American Apparel found out about the upcoming series after Clamor posted the article about it on its Web site.
In an e-mail addressed to the magazine’s editor Mariana Ruiz and its co-publisher and founder Jen Angel, American Apparel media relations director Cynthia Semon requested the magazine print a retraction regarding certain facts written in the story, or the company would take legal action against the magazine.
"If the article is not immediately removed online, along with a retraction and an [sic] public apology posted online and published appropriately, we will be forced to seek legal action in light of such gross, blatant, negligent and irresponsible journalism," Semon wrote in the e-mail, a copy of which was provided to Folio:.
The magazine has no intentions of retracting the story, according to Angel. "The material we printed is nothing ground-breaking‑‑a simple search of the Internet will find a lot of supporting materials," she says. "What the real issue is now is we are discovering a pattern of American Apparel using similar tactics against other media outlets.

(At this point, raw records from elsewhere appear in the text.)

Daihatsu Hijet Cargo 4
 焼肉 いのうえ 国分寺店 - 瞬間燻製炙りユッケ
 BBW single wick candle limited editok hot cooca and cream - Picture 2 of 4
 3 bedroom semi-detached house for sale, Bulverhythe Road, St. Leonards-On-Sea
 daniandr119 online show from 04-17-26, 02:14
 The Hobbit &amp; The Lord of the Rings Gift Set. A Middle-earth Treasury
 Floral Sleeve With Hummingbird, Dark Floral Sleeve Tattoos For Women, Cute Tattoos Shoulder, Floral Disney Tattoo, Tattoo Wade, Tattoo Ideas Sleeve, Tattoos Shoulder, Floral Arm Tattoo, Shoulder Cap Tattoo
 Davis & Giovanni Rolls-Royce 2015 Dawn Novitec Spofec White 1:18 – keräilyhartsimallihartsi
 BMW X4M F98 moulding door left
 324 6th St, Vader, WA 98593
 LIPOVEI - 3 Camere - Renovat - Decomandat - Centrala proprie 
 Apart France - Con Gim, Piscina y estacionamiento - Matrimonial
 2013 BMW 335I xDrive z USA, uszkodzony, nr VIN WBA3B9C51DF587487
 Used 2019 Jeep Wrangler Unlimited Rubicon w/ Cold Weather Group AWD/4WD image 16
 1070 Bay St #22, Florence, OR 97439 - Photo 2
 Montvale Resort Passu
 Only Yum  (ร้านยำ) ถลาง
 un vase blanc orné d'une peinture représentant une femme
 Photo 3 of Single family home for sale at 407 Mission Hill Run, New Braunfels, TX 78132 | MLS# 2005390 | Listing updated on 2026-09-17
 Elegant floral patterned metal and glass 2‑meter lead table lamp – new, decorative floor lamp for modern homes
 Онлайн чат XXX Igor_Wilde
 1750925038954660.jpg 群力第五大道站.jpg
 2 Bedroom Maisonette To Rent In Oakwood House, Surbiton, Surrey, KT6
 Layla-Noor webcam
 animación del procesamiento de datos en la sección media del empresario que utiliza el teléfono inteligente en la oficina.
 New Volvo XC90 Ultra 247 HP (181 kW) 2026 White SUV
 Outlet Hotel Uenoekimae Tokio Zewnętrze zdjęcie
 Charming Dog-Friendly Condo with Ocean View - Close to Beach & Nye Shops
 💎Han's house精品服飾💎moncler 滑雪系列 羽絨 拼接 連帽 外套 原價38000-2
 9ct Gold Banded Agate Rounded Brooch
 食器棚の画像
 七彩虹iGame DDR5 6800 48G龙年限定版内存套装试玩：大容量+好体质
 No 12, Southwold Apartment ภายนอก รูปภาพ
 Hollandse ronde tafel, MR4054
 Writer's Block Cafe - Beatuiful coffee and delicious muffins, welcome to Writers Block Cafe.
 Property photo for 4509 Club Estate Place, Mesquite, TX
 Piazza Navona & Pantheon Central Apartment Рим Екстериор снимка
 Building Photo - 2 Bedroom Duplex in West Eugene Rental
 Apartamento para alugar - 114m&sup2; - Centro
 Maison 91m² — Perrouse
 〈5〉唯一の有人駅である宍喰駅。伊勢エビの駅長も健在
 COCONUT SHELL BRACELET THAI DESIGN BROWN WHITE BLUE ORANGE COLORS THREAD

Those other outlets have only talked to us off the record for fear of reprisal from American Apparel, but we are encouraging them to come forward."
"The purpose of printing this story was to expose American Apparel’s co-optation of progressive consumerism," says Angel. "We decided to print such a large section because as we looked at the issue, we just started finding more and more material."
But Semon says American Apparel takes issue with the story for two reasons, the first being the manner in which she was contacted by Clamor for a comment regarding the allegations against the company and Dov Charney. "As a journalist, by bare minimum you should fact check and allow a response regarding the subject you are writing about," she says. According to Semon, no journalist from Clamor visited the American Apparel facilities to investigate the story.
Dez Williams, a contributing editor for the series, did attempt to contact Semon. The initial contact came in a three sentence e-mail requesting "input from HR as to how (if at all) employees are advised of the un-conventional work environment in American Apparel’s retail stores." The e-mail, however, came from an unfamiliar Yahoo e-mail account and was signed simply "Clamor Magazine." Semon looked into the query, asking for more information and sufficient contact information, to which she received a similarly reticent e-mail, which this time was signed "Dez."
Semon says she was unsure if the e-mail was a prank or written by a legitimate journalist. She says she provided her contact information and awaited a response. "In the initial e-mail he said he was a writer for the magazine, but there is no Dez listed as a staff writer online and I didn’t have a last name to do a Google search," she says.
Semon says American Apparel’s second problem with the series is not with its content, but how it is presented. "Prior to my (last) e-mail I made it amply clear that it is a journalist’s right to write their opinions with regards to our products and advertising," says Semon. "They would not be the first publication or the last to have a negative opinion piece, however the article is not an opinion piece; it is termed as a special investigative section."
Angel says Williams contacted Semon by both phone and via e-mail, to which Semon was unresponsive. "It would not be a wise choice for American Apparel to sue us; it would generate a lot of very negative publicity," says Angel.
Since the controversy began last week, Clamor has recognized one discrepancy in the piece and has issued an advance correction on their Web site. The story reported a sexual harassment case filed by sales manager Mary Nelson, against Dov Charney as withdrawn. However, the Nelson suit is still pending, which the magazine notes in the correction.
Semon says this was one of many inaccuracies in the series, and says Nelson’s title is still incorrect, saying that she was a sales rep, rather than a sales manager. "They failed to contact the company to check information," says Semon. "They failed to even fact check public documents."
Coincidentally, official Clamor T-shirts are American Apparel-made. Angel says the relationship will soon come to an end. "We note in our letter from the editors that we have printed on American Apparel shirts in the past but will no longer be doing so," she says.